REVIEWED - OLIVER TWIST: There may be no particularly good reason for yet another Oliver Twist, but Roman Polanski's version is admirably unsentimental, writes Donald Clarke
There may not have been a live-action, cinema version of Charles Dickens's Oliver Twist since the musical Oliver! in 1968, but this story is so familiar and the literary adaptation is such a stodgy genre that the viewer has the right to ask exactly what Roman Polanski is putting forward as his Unique Selling Point here.
Ben Kingsley's Fagin does occupy a previously under-investigated middle-ground between the diabolical territory mapped out by Alec Guinness in David Lean's 1948 version and the playful demimonde of Ron Moody in Oliver!. Leanne Rowe brings welcome fire and surliness to her Nancy, a role treated cautiously in earlier versions lest the tender observer jump to conclusions as to how the poor girl earns a crust. And Rachel Portman's jaunty score breaks new ground in its ability to irritate even while lodging permanently in the brain.
All of these things could, however, be easily accommodated in a high- quality telly adaptation. Ronald Harwood's competent script, which deftly fillets out some of Dickens's more preposterous coincidences, would also work well before Songs of Praise. And the sets, though a little too redolent of their Czech origins, have that just-dressed quality so beloved of the BBC in the Onedin Line era.

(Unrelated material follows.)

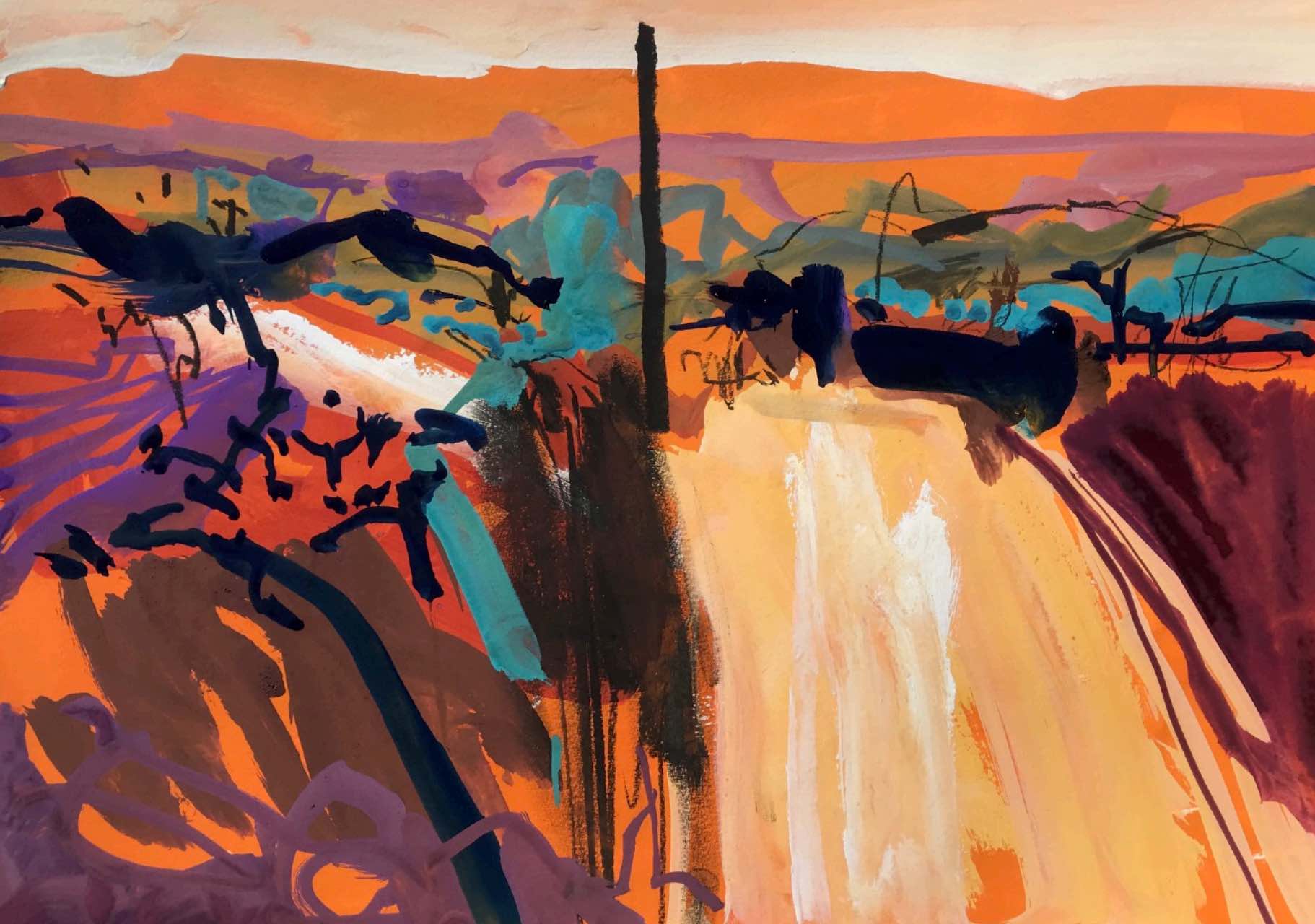 song-of-travel A colourful painting by an Australian artist shows a landscape with vibrant, abstract mountains in orange and pink hues, green and yellow trees in the foreground, and a cloudy sky with purple and grey tones.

No, the USP of this Oliver Twist is, presumably, to do with the wartime experiences of its director. Cast adrift in Poland after his Jewish parents were sent to concentration camps, the young Polanski lived a similarly peripatetic life to that of Dickens's hero.
There is a welcome matter-of-factness to the first half of the film which suggests a director, seared by reality, consciously shunning melodrama and sentimentality. We first meet Oliver (Barney Clark, restrained, undemonstrative), an orphan, being led to a workhouse in the West-Midlands. After gamely walking through the gruel scene, he has an encounter with a fabulously malevolent chimneysweep, before being sold to an undertaker whose kindly outlook is not shared by his severe wife. Awful things happen and he ends up trudging his way towards London, sly Fagin, brutal Bill Sykes, soft-hearted Nancy and, ultimately, his boring, middle-class saviour, Mr Brownlow.
Like Dickens, Polanski finds it easy to make evil interesting, but appears bored by virtue. Whether this is to do with his early experiences we cannot know, but, irrespective of what fuels the director's talent, the first hour of the picture works considerably better than we have a right to expect. After that, the familiarity of the situations does begin to breed seeds of contempt.
But what of the Jewish question? The fact that Polanski's parents were victims of the Holocaust may relieve him of any accusations of anti-Semitism, but it does nothing to ameliorate the novelist's original offence. Towards the close of his career Dickens became sufficiently aware of his transgressions in Oliver Twist, his second novel, to consciously create a kindly Jew for Our Mutual Friend, his last completed book. Keep that in mind when you observe the big nose and stringy red curls Polanski has stuck on Kingsley. This is still dangerous material.